COUR D’APPEL D’AIX-EN-PROVENCE

Chambre 1-7

ARRÊT AU FOND

DU 23 JUIN 2022

N° 2022/ 276

Rôle N° RG 19/11950 – N° Portalis DBVB-V-B7D-BEUYD

SCI PIERRE ALBERT

C/

[N] [R]

Copie exécutoire délivrée

le :

à :

Me Nino PARRAVICINI

Me Monica GRASSO

Décision déférée à la Cour :

Jugement du Tribunal d’Instance de MENTON en date du 11 Juin 2019 enregistré(e) au répertoire général sous le n° 1119-102.

APPELANTE

SCI PIERRE ALBERT, demeurant [Adresse 1]

représentée par Me Nino PARRAVICINI de la SELARL NINO PARRAVICINI, avocat au barreau de NICE

INTIMEE

Madame [N] [R], demeurant [Adresse 2]

représentée par Me Monica GRASSO, avocat au barreau de NICE

*-*-*-*-*

COMPOSITION DE LA COUR

L’affaire a été débattue le 04 Mai 2022 en audience publique devant la cour composée de :

Madame Carole DAUX-HARAND, Présidente de chambre

Madame Carole MENDOZA, Conseillère,

Madame Mireille CAURIER-LEHOT, Conseillère

qui en ont délibéré.

Greffier lors des débats : Mme Natacha BARBE.

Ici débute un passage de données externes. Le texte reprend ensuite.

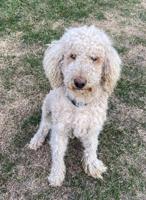 Poodle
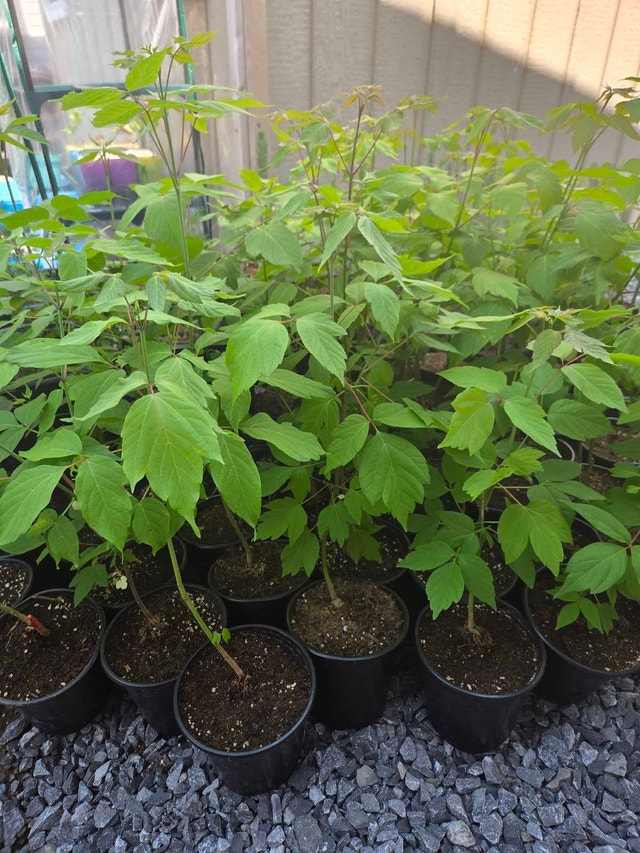 saplings - photo 3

Les parties ont été avisées que le prononcé de la décision aurait lieu par mise à disposition au greffe le 23 Juin 2022.

ARRÊT

Contradictoire,

Prononcé par mise à disposition au greffe le 23 Juin 2022,

Signé par Madame Carole DAUX-HARAND, Présidente de chambre et Mme Natacha BARBE, greffier auquel la minute de la décision a été remise par le magistrat signataire.

***

EXPOSÉ DU LITIGE

La SCI PIERRE ALBERT est propriétaire d’un local sis [Adresse 1].

Ce bien a été visité par Mesdames [J] [R], [V] [M], [W] [C] et [S] [G].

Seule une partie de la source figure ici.